Help from Industry 4.0

Assessment of whether upgrading or reconfiguring of air compression equipment is necessary can now be aided by Industry 4.0 technology. In this scenario, advanced internet-connected monitoring and diagnostic capabilities, built into each compressor’s control system, routinely log machine performance and energy consumption. 

The information gathered is transmitted securely to the supplier, whose simulation tools evaluate efficiency against the maximum possible. Reports indicate the changes in operation or configuration that could improve those figures. If there has been a substantial change in the user’s demand for compressed air, the tool may recommend upsizing or downsizing of components for more efficient operation. If a new and improved component has been developed, the tool will quantify the effect of upgrading with it.
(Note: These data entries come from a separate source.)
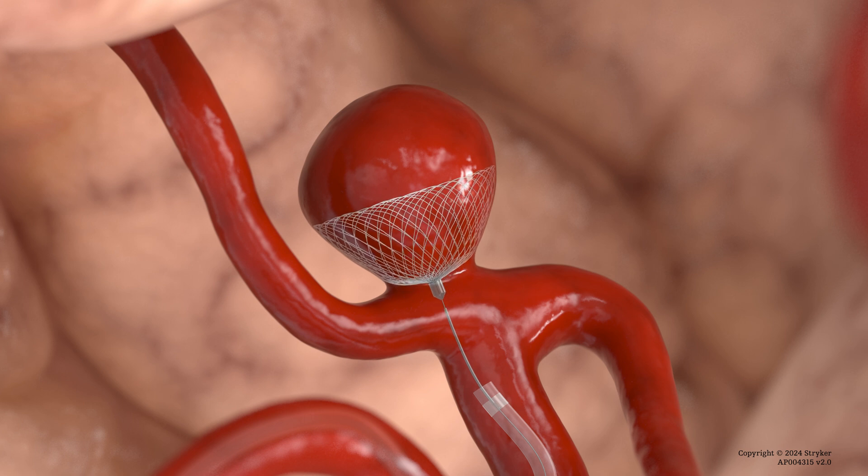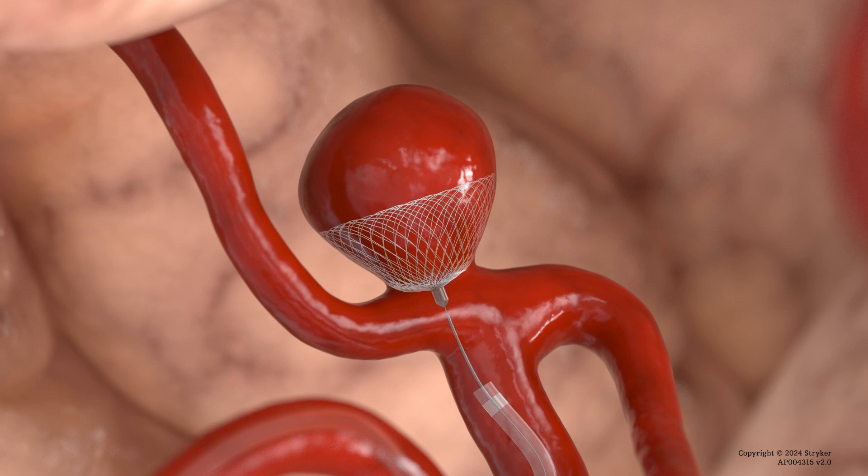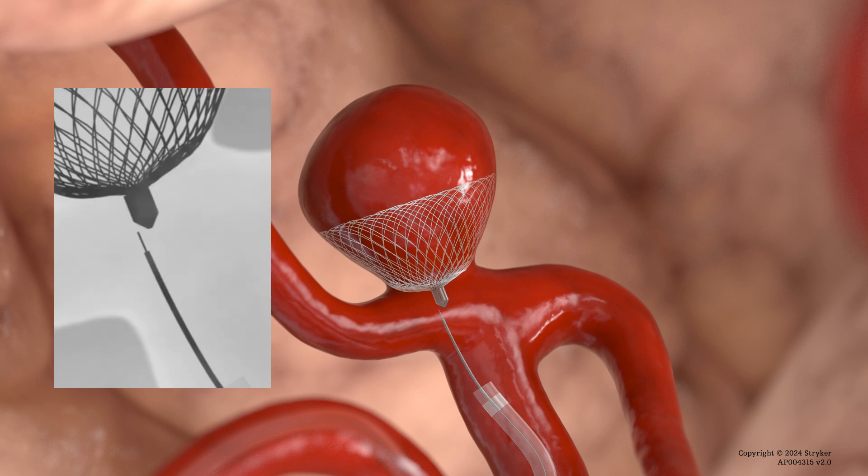Apply a light forward pressure to the pusher wire and look for bowing of the pusher wire to confirm distal stability. Once the device position and stability have been satisfactorily confirmed, the contour device can then be detached using a commercially available electrolytic detachment system.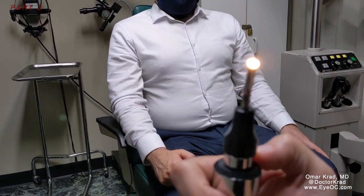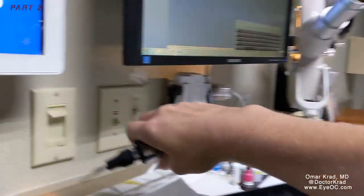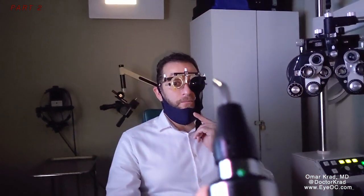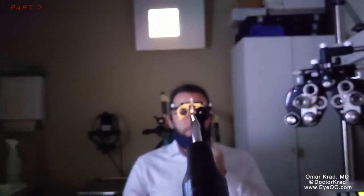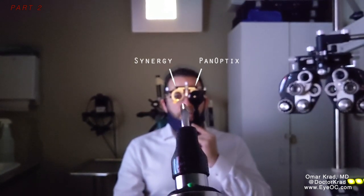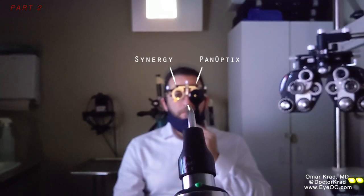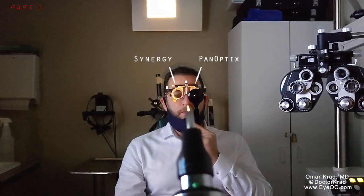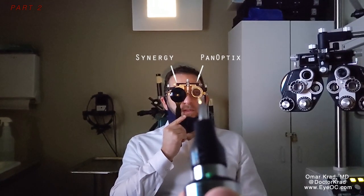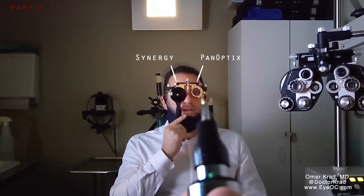Now I'm going to get this bright headlight and dim the lights. So we have a bright light here like a headlight, and I want you to cover one eye at a time. Looking towards that light — does it look different? It's definitely starbursts. Do you see halos as well or just starbursts? A little bit of halos. Now compare to your other side. The same thing but less pronounced — starbursts and halos, but less pronounced.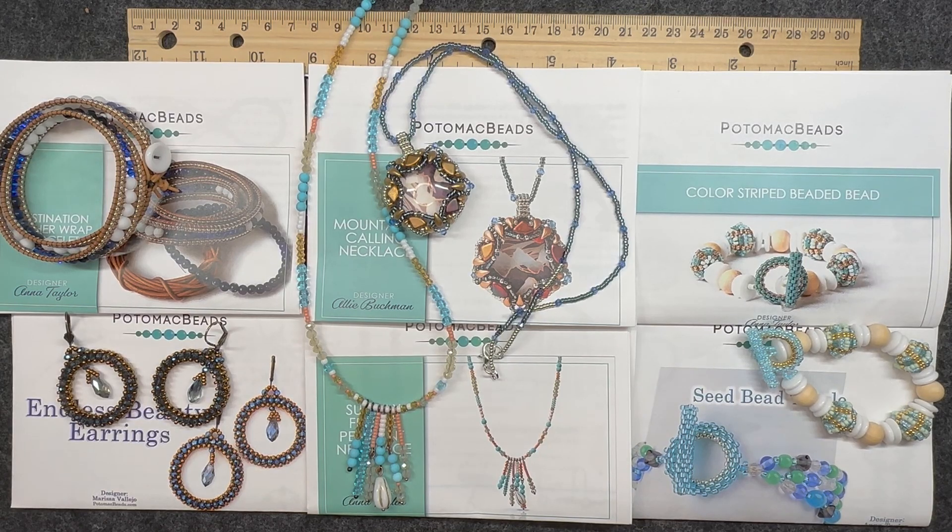Hello and welcome back to my channel Craft Time by Kasey. I am Kasey and today I have a whole bunch of finished jewelry patterns from Potomac Beads that I will be going through with you. I also have a pair of wire wrapped earrings that I made from the treasure box from May 2023. If you would like to see all the patterns I completed and the earrings, stay tuned.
Along with smart remote monitoring and reporting, Industry 4.0 technologies offer help to users to get the best from their compressors by enabling efficient predictive maintenance, diagnostics and repairs. Artificial intelligence technology can be applied to learn how a compressor operates and performs normally, and to warn of any abnormal behaviour. Engineers can then determine, remotely, whether further investigation or action is needed.

In the Industry 4.0 world, you might not even have to wait for the supplier to come and repair your compressor. Wearing smart glasses, the customer’s engineer can share his or her view of the equipment with the supplier’s engineer, who will give step-by-step guidance on repairing it.